Glasgow Herald Feb 1, 1947
Palestine and Partition
It has now become clear, as was feared from the first, that the Palestine talks in London have failed. Arabs and Jews having refused to sit at the same table, the Conference has never met; neither party has put forward any constructive, still less any conciliatory, proposal. All this might have been expected, and it is a moot point whether the time wasted on these negative proceedings has had any effect in educating world opinion. The probability is that the obvious divisions in the Zionist ranks at the recent Congress and the continuance of terrorism in Palestine have prejudiced the Jewish case, without increasing the not very impressive support for the Arab stonewallers.
The position therefore seems hopeless.

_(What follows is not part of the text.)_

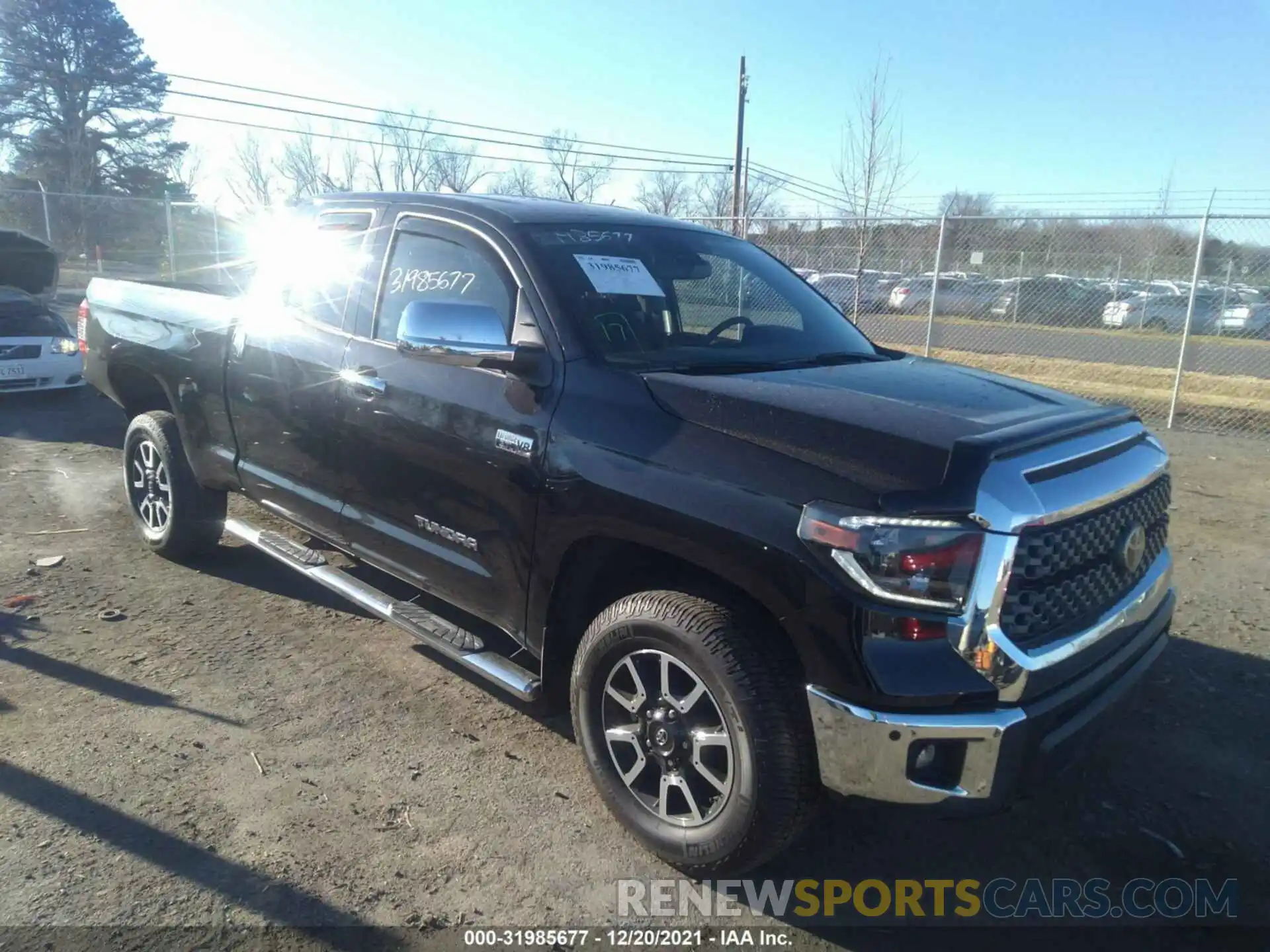 1 Photograph of a damaged car 5TFUY5F14LX932270 TOYOTA TUNDRA 4WD 2020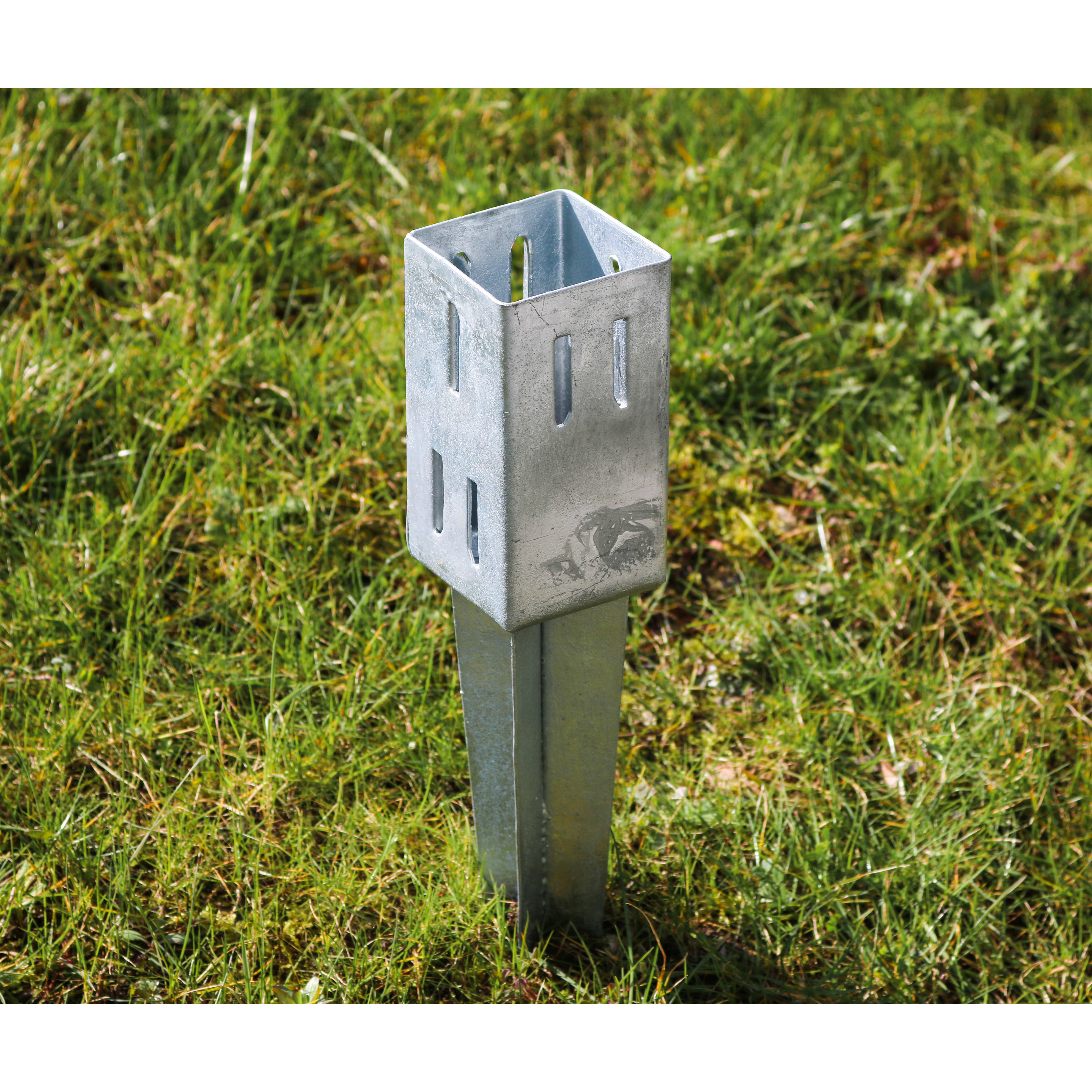 Drive In Spike - Quick Fit - 75 x 75 x 750mm - Galvanised - view 3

But there are no insoluble problems, only problems which men fail to solve; and when two of the three parties lack the will or the statesmanship to agree, the duty falls on the third party to propose and if necessary impose as equitable a settlement as it can provide. Otherwise there is no course open to Britain as the mandatory Power but to abdicate, which would not only be a confession of failure but it would make matters even worse.
Since the two peoples refuse to live together, the only practicable alternative is partition. It will be denounced the the extremists on both sides, and it can unfortunately only be defended as the lesser evil; but at this stage one cannot undo the historical claims of the Jews under the mandate. Partition is inconvenient, both because of the smallness of the areas involved and because it will leave small minorities on either side of the line; and administratively it is bound to involve a duplication of offices and expense. But all that will be worth while if it reduces the present tension and provides a breathing space in which the two incompatibles can learn the elements of toleration.
It is an awkward factor in the situation that the change coincides with the transfer of the old mandatory system to the new trusteeship under U.N.O. This makes some further delay inevitable, at a time when the position is deteriorating; but on the whole it will probably be wise to obtain the approval of the Trusteeship Council rather than run the risk of a charge of sharp practice under a moribund mandate. U.N. O has no constitutional authority to take over Palestine itself, and no other Power has shown any desire to accept so difficult a task; it remains therefore, for the British Government to announce their policy and obtain approval, and meantime to strengthen their hand in Palestine against the terrorists who are a more sinister enemy of the Jews than any Arab opposition.